MATERIAL PROVIDED:
--
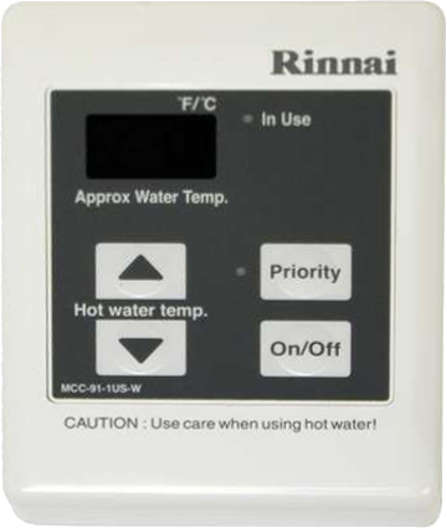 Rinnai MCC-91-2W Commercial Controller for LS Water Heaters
--
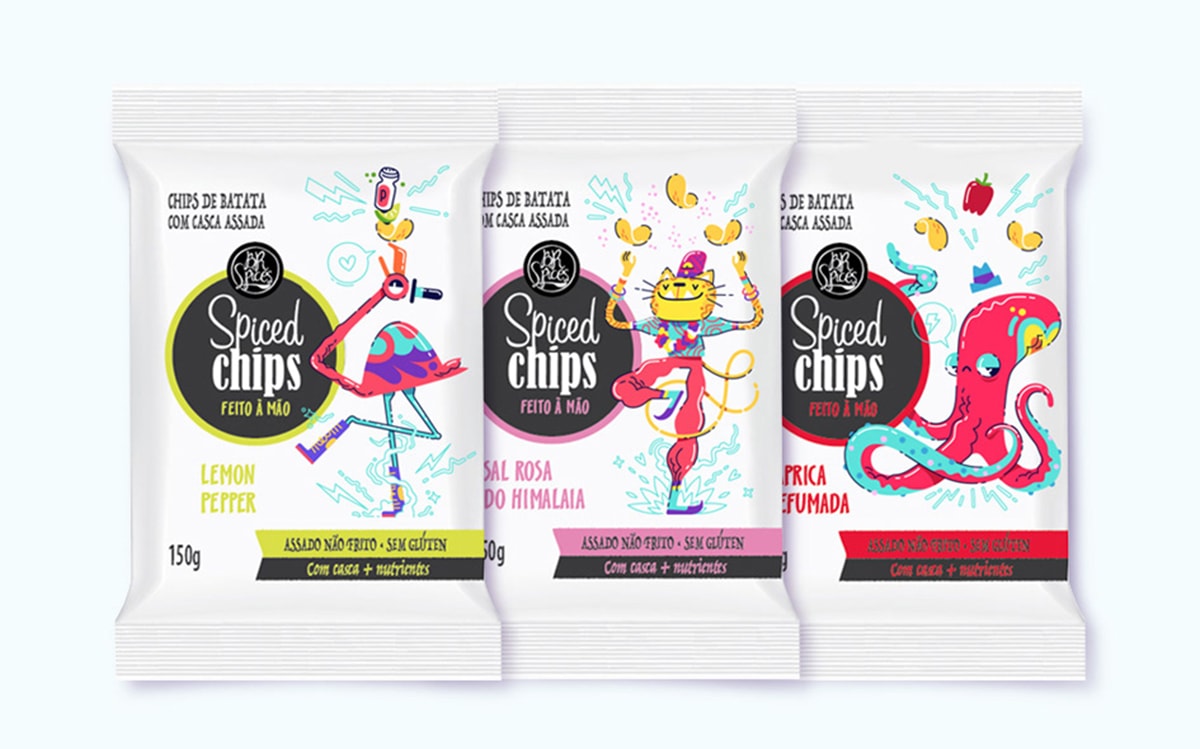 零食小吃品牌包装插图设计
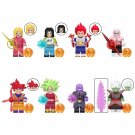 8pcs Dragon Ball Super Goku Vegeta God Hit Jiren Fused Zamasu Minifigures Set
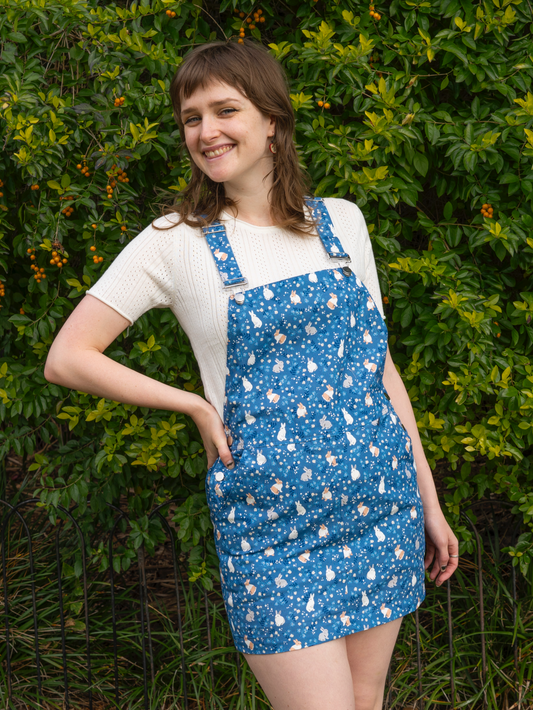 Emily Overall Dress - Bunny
--
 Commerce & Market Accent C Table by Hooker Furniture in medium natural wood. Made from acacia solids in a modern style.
--
REQUIRED ACTION: Every line above in the stretch from the one with "零食小吃品牌包装插图设计" through the one with "Emily Overall Dress - Bunny" is to be transcribed exactly, ends included. No picture is copied.

EXERCISE ANSWER:
 零食小吃品牌包装插图设计
 8pcs Dragon Ball Super Goku Vegeta God Hit Jiren Fused Zamasu Minifigures Set
 Emily Overall Dress - Bunny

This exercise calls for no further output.